In your copy, each record should read exactly as it does below, and no pictures should be present.

-- Data follows --

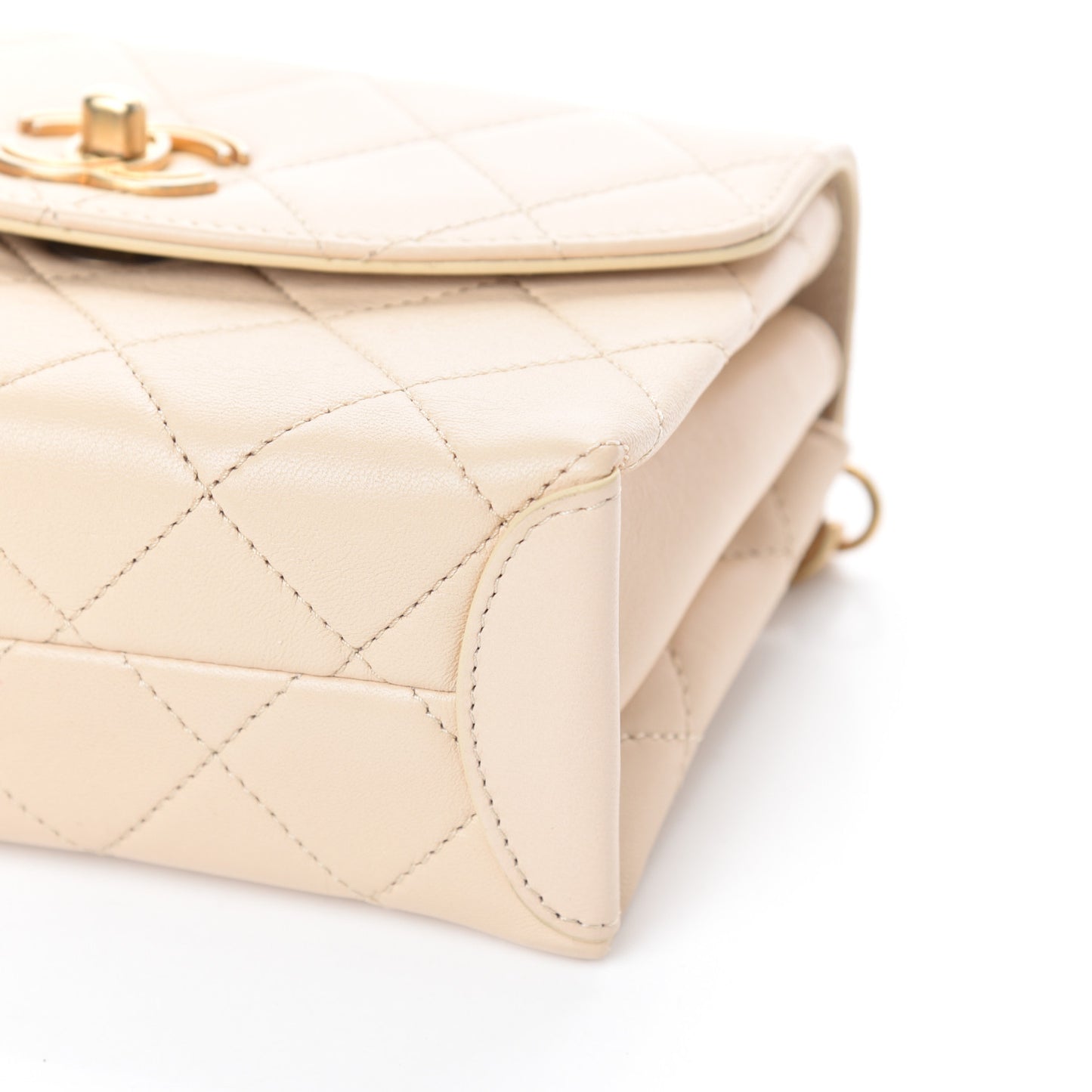 Lambskin Quilted Small Trendy Spirit Top Handle Bag Beige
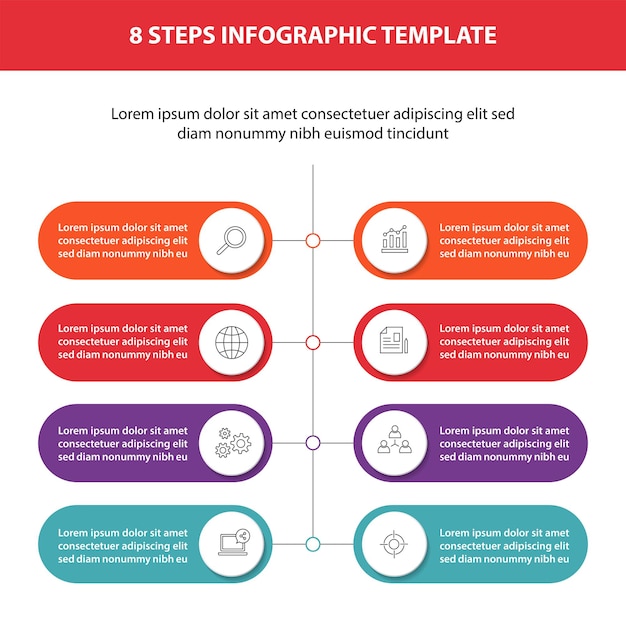 Vector 8 stappen infographic stroomdiagram ontwerpsjabloon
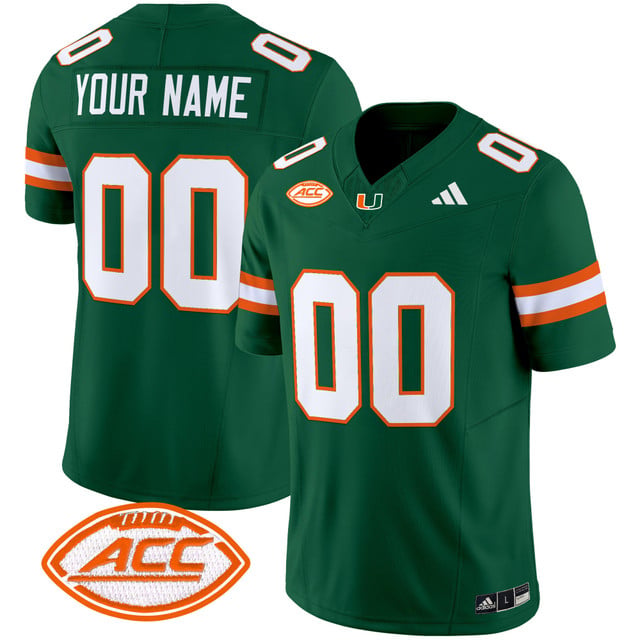 Miami Hurricanes 2025 Vapor Limited Custom Jersey green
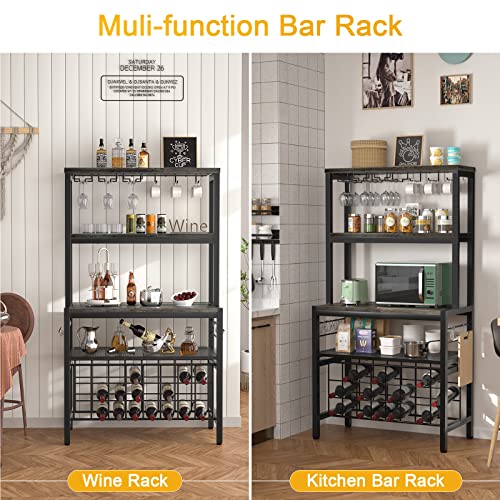 Multifunctional Wine Bar Cabinet Gray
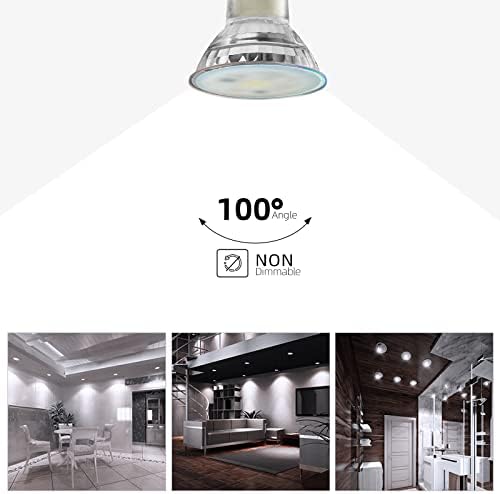 Lumiverse gu10 lâmpadas LED não minimizáveis, 5000k Daylight White 4W 350lm [40W equivalente] Par 16 Bulbos, ângulo de feixe de 100
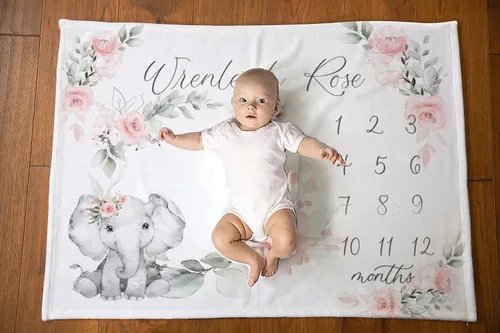 Miniatura 8 de NAZENTI Manta de bebé – Manta personalizada de elefante niña, manta personalizada de hojas de pampa, manta del mes del bebé, regalo para recién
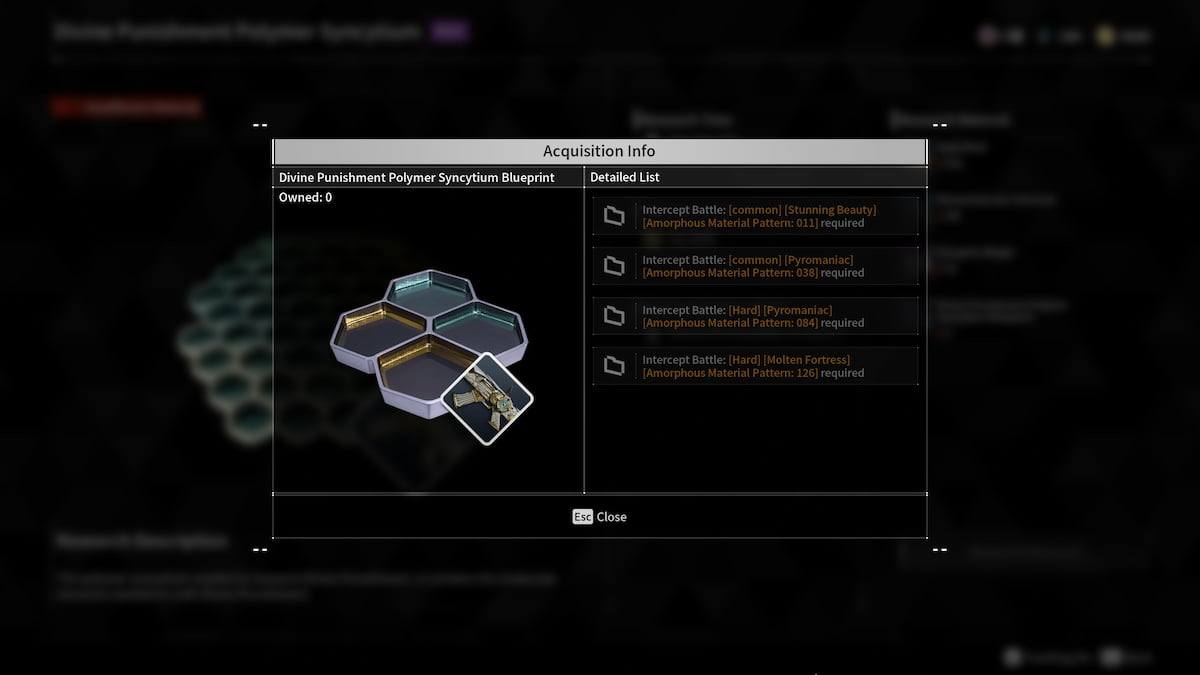 Image of the Divine Punishment Polymer Syncytium blueprint in The First Descendant.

-- Data concluded --

## Response to this exercise
 Lambskin Quilted Small Trendy Spirit Top Handle Bag Beige
 Vector 8 stappen infographic stroomdiagram ontwerpsjabloon
 Miami Hurricanes 2025 Vapor Limited Custom Jersey green
 Multifunctional Wine Bar Cabinet Gray
 Lumiverse gu10 lâmpadas LED não minimizáveis, 5000k Daylight White 4W 350lm [40W equivalente] Par 16 Bulbos, ângulo de feixe de 100
 Miniatura 8 de NAZENTI Manta de bebé – Manta personalizada de elefante niña, manta personalizada de hojas de pampa, manta del mes del bebé, regalo para recién
 Image of the Divine Punishment Polymer Syncytium blueprint in The First Descendant.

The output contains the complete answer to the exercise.